- _Exercise details_
Transcribe all of the records word for word, please, omitting the pictures.

Stored data
======
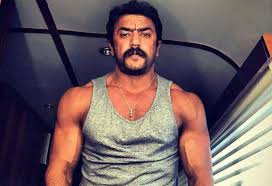 وبسبب منشورات أحمد العوضي وشقيق الفنانة ياسمين عبد العزيز توقع الجمهور إصابتها بفيروس كورونا ودخولها المستشفى، والبعض الآخر توقع اجرائها عملية اجهاض بعدما كان قد تردد حملها في الفترة. Ø¨Ø§Ù„ØµÙˆØ± Ø£Ø­Ù…Ø¯ Ø§Ù„Ø¹ÙˆØ¶ÙŠ ÙŠØ¹ØªØ°Ø± Ù…Ù† Ø®Ø·ÙŠØ¨ØªÙ‡ Ø§Ù„Ø³Ø§Ø¨Ù‚Ø© Ø¨Ø¹Ø¯ Ù†Ø´Ø± ØµÙˆØ±ØªÙ‡Ø§ Ø¨ÙØ³ØªØ§Ù† Ù…ÙƒØ´ÙˆÙ Ù…Ø¬Ù„Ø© Ø³ÙŠØ¯ØªÙŠ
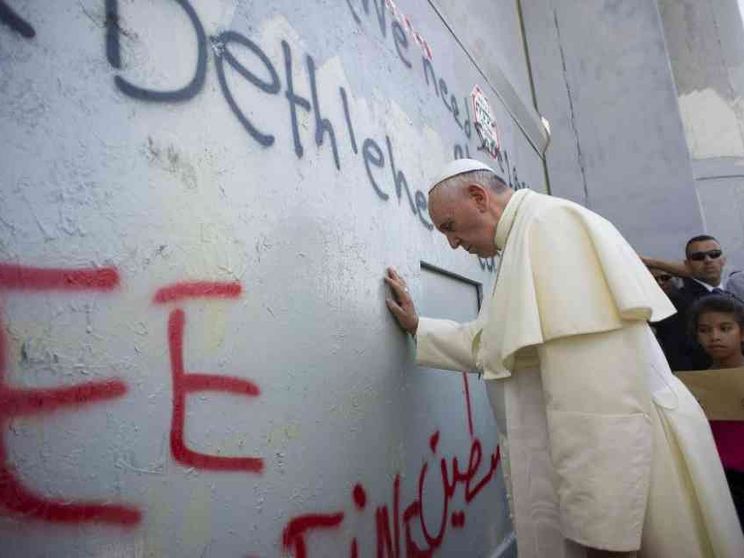 «Sono con voi sotto le bombe»: ecco le parole del Papa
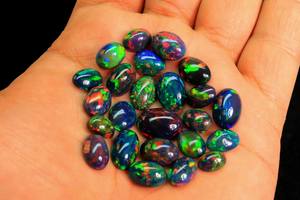 Véritable cabochon en opale noire éthiopienne arc-en-ciel brillant Opale noire de forme ovale idéale pour la fabrication de bijoux - Product Image 3
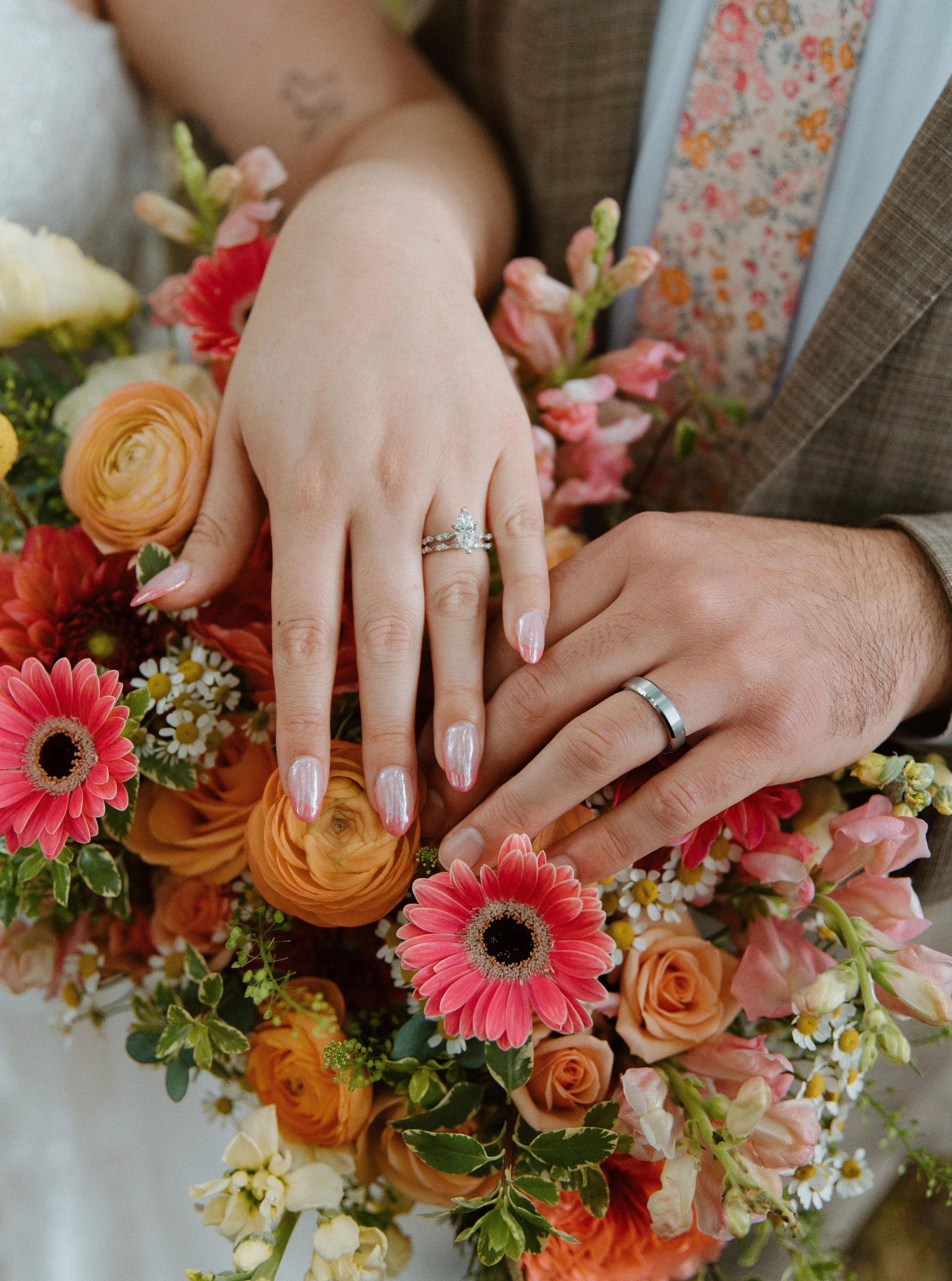 wedding+rings+on+floral+bouquet+detail+shot
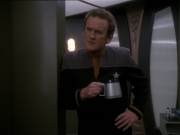 extant_StarTrek_DS9_7x21-WhenItRains_3632.jpg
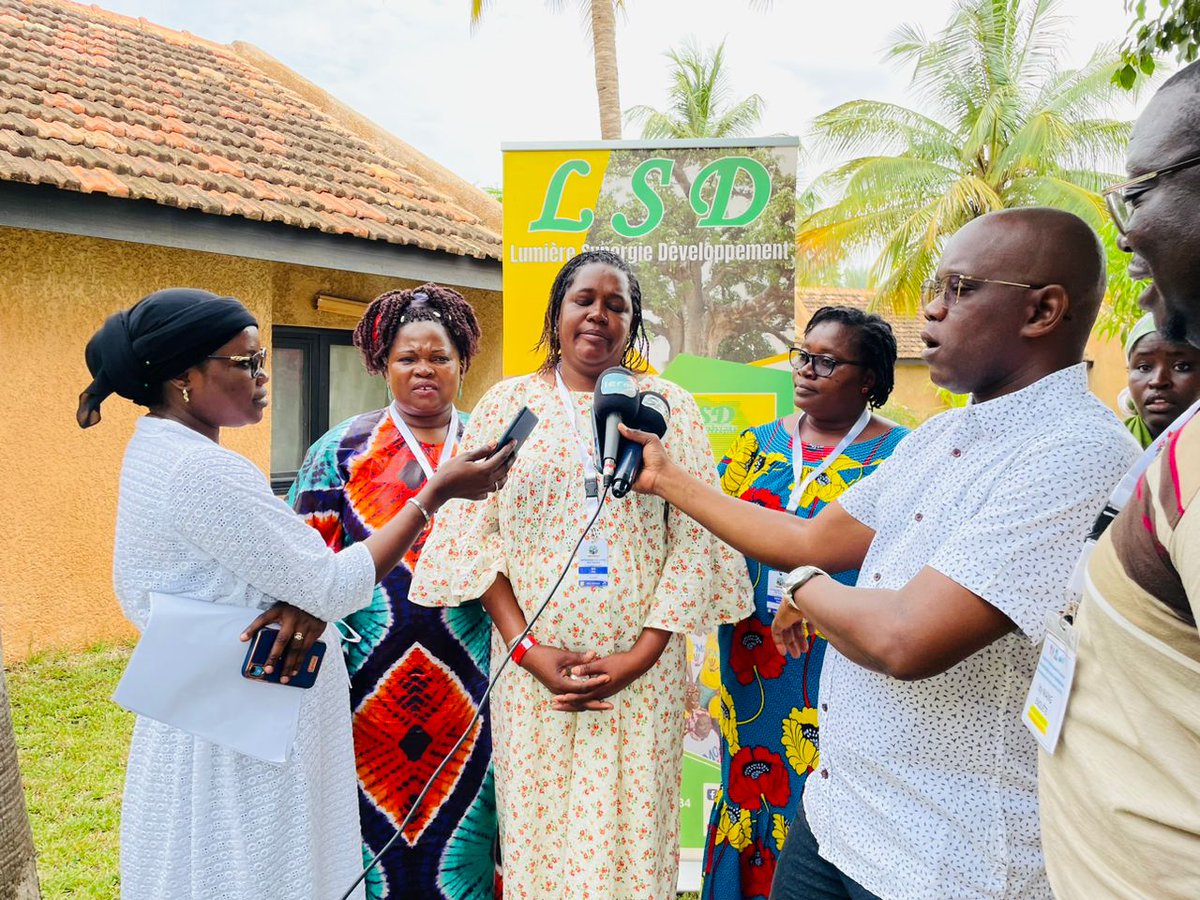 WoMin_Africa's tweet image. 📢📰Sharing information and raising awareness on communities' Right to Say YES ✊to the alternatives is critical to strengthen our linked struggles in Africa &amp;amp; the Global South. 
@Lsdsenegal 
#extractives #R2SN #naturalresources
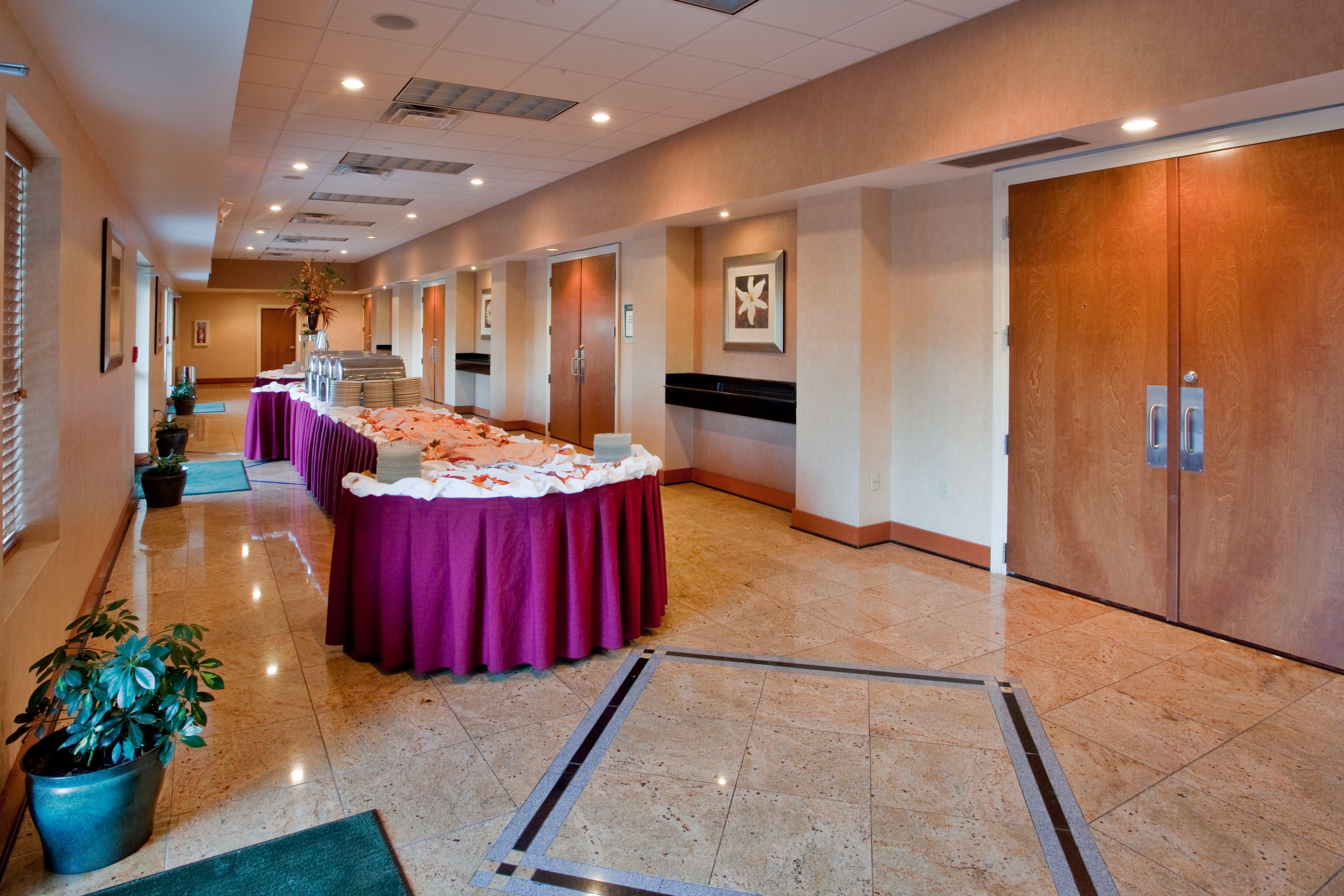 Holiday Inn Martinsburg By Ihg Екстер'єр фото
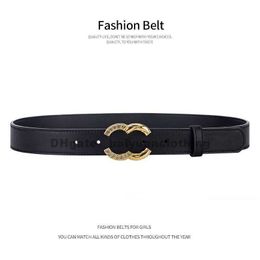 Marca de moda Cinturón Hombres Mujeres Cinturones de diseñador de lujo Cuero de alta calidad Carta Hebilla Cinturón Señora Vestido formal Jeans Cintura Ancho 3.0 cm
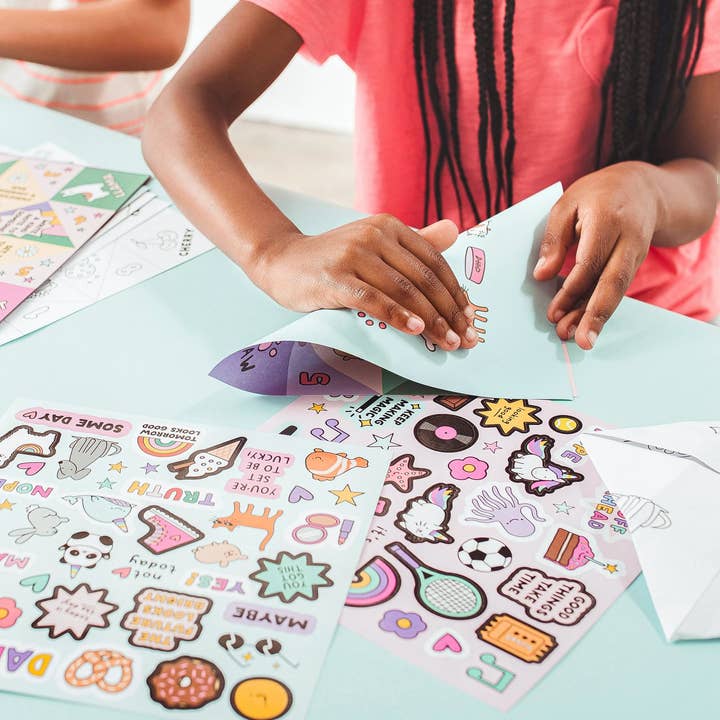 D.I.Y. Fortune Tellers Activity Kit - Set Of 24 Designs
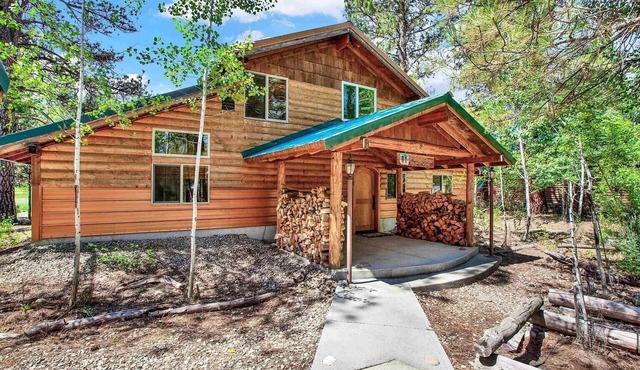 Fantastic Riverside Cabin with Hot Tub, WFI!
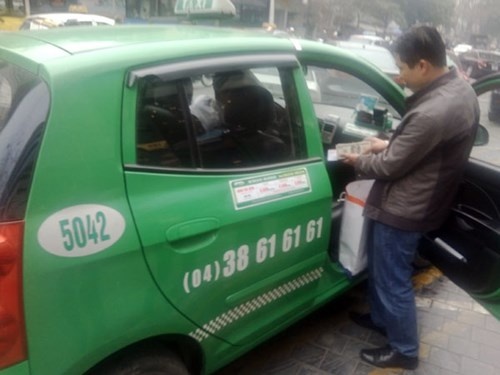Tai xe taxi Mai Linh tra lai 30.000 USD cho khach bo quen hinh anh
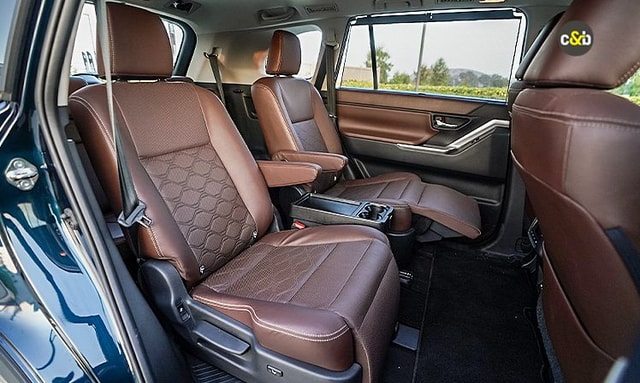 Cars In India With Captain Seats Under Rs 25 Lakh Cars In India With Captain Seats Under Rs 25 Lakh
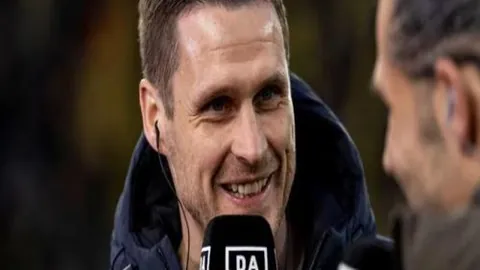 “哀悼！罗贝托在社交媒体缅怀郭嘉璇，缅怀前巴萨队长深情致敬”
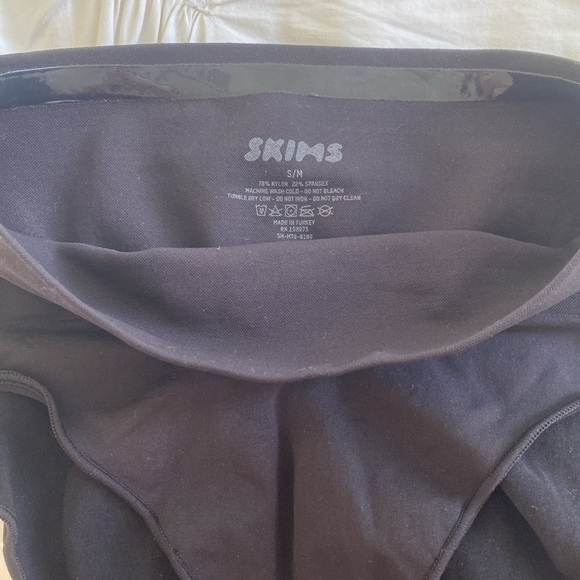 SKIMS sculpting seamless mid waist brief S/M NWOT - Picture 6 of 6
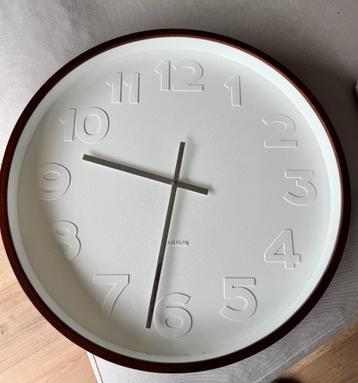 Karlsson wandklok 52 cm beschikbaar voor biedingen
======
- _Final answer_
 وبسبب منشورات أحمد العوضي وشقيق الفنانة ياسمين عبد العزيز توقع الجمهور إصابتها بفيروس كورونا ودخولها المستشفى، والبعض الآخر توقع اجرائها عملية اجهاض بعدما كان قد تردد حملها في الفترة. Ø¨Ø§Ù„ØµÙˆØ± Ø£Ø­Ù…Ø¯ Ø§Ù„Ø¹ÙˆØ¶ÙŠ ÙŠØ¹ØªØ°Ø± Ù…Ù† Ø®Ø·ÙŠØ¨ØªÙ‡ Ø§Ù„Ø³Ø§Ø¨Ù‚Ø© Ø¨Ø¹Ø¯ Ù†Ø´Ø± ØµÙˆØ±ØªÙ‡Ø§ Ø¨ÙØ³ØªØ§Ù† Ù…ÙƒØ´ÙˆÙ Ù…Ø¬Ù„Ø© Ø³ÙŠØ¯ØªÙŠ
 «Sono con voi sotto le bombe»: ecco le parole del Papa
 Véritable cabochon en opale noire éthiopienne arc-en-ciel brillant Opale noire de forme ovale idéale pour la fabrication de bijoux - Product Image 3
 wedding+rings+on+floral+bouquet+detail+shot
 extant_StarTrek_DS9_7x21-WhenItRains_3632.jpg
 WoMin_Africa's tweet image. 📢📰Sharing information and raising awareness on communities' Right to Say YES ✊to the alternatives is critical to strengthen our linked struggles in Africa &amp;amp; the Global South. 
@Lsdsenegal 
#extractives #R2SN #naturalresources
 Holiday Inn Martinsburg By Ihg Екстер'єр фото
 Marca de moda Cinturón Hombres Mujeres Cinturones de diseñador de lujo Cuero de alta calidad Carta Hebilla Cinturón Señora Vestido formal Jeans Cintura Ancho 3.0 cm
 D.I.Y. Fortune Tellers Activity Kit - Set Of 24 Designs
 Fantastic Riverside Cabin with Hot Tub, WFI!
Tai xe taxi Mai Linh tra lai 30.000 USD cho khach bo quen hinh anh
 Cars In India With Captain Seats Under Rs 25 Lakh Cars In India With Captain Seats Under Rs 25 Lakh
 “哀悼！罗贝托在社交媒体缅怀郭嘉璇，缅怀前巴萨队长深情致敬”
 SKIMS sculpting seamless mid waist brief S/M NWOT - Picture 6 of 6
 Karlsson wandklok 52 cm beschikbaar voor biedingen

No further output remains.